The FBI-provided footage is almost 4 minutes long and has no sound. It’s five different clips from multiple sources, only the first two come from Jabbar’s glasses. In the first, he’s riding through the French Quarter on a bicycle on Halloween. In the second clip, Jabbar stares into a mirror, the Ray-Bans capturing his sweaty face.
“Meta glasses appear to look like regular glasses but they allow a user to record video and photos hands-free,” Lyonel Myrthil, FBI New Orleans Special Agent in Charge, told reporters during a press conference following the release of the footage. “They also allow the user to potentially livestream through their video. Jabbar was wearing a pair of Meta glasses when he conducted the attack on Bourbon Street. But he did not activate the glasses to livestream his actions that day.”
The FBI video also included clips from security footage in the area showing Jabbar setting up for the attack. He’s wearing glasses in the videos. Jabbar placed two IEDs on the streets, which failed to detonate, and died in a shootout with police after exiting the F-150. The guns he used were purchased legally in Texas.
Meta and Ray-Ban launched their first pair of smart glasses back in 2021, but the product didn’t surge in popularity until a few years later. Other companies have attempted to market smart glasses before, but they’ve been failures. The most famous failure was Google Glass, a 2013 attempt by the tech giant to get people to put cameras on their faces.

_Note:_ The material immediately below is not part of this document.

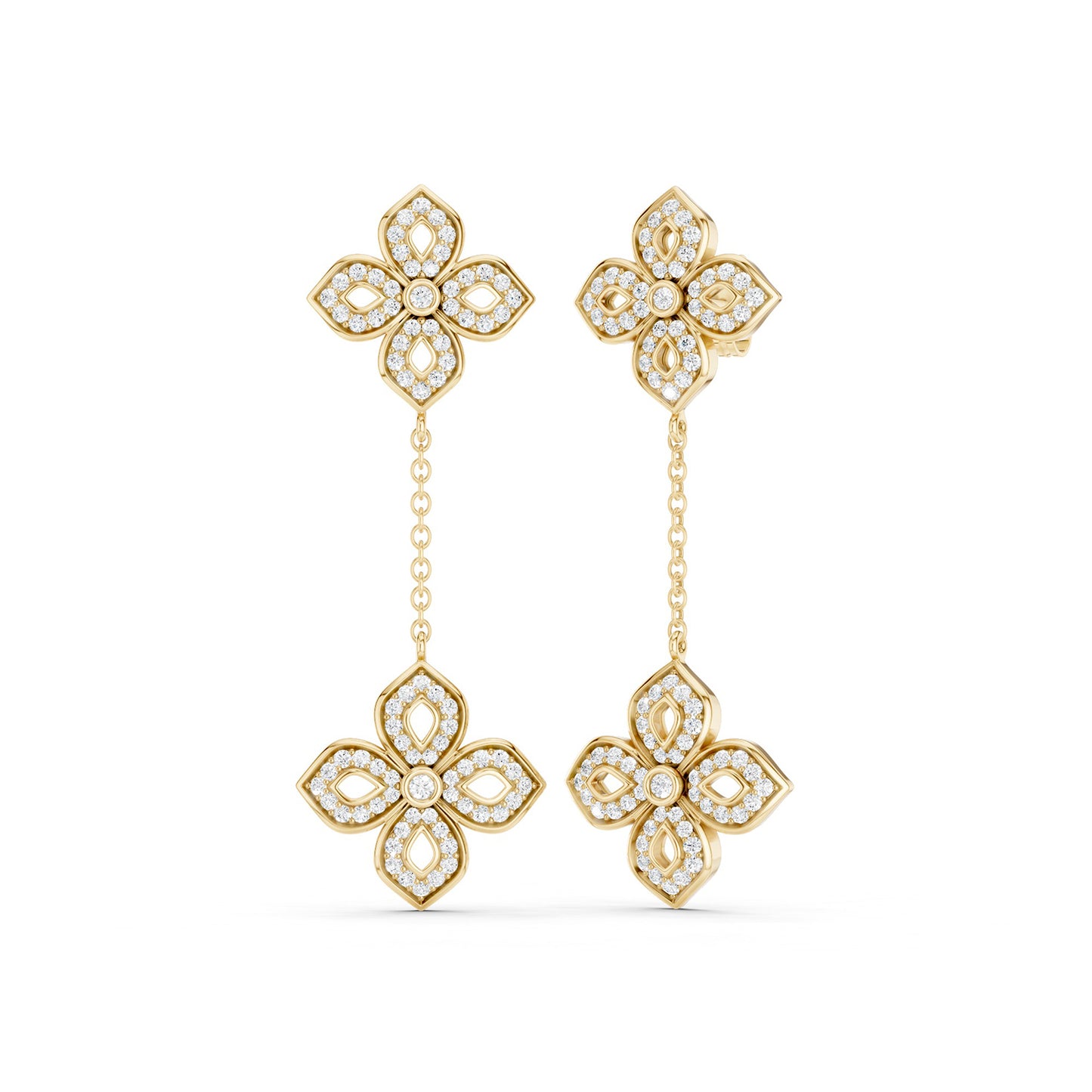 La Fleur Silhouette Drop Diamond Earrings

People hated Google Glass. By 2013, many people already had a device on them that would take a photo or video of anything around them, but there was still a lot of widespread resistance to the idea of constant surveillance. Google Glass was bulky and obviously a camera and a lot of people pushed back. Some businesses even prohibited people who wore the ugly cameras from entering their stores, bars, and restaurants.
Meta’s grand innovation in the smart glasses space is concealment. Ray-Ban is one of the most iconic and ubiquitous sunglasses brands in the world. Its Wayfarer is so popular that it’s inspired countless knockoffs. A passing glance at a pair of Meta glasses doesn’t register alarm in people. Unless you’re looking closely, they’re just glasses.
Ray-Bans are iconic and cool. They’re so ingrained into American culture that we don’t think about them when we see them. When Mark Zuckerberg approached the brand to host his smartglasses platform, he was borrowing the brand’s easy coolness.
It worked. And now anyone can be effortlessly cool while recording absolutely everything around them. And no one will bat an eye.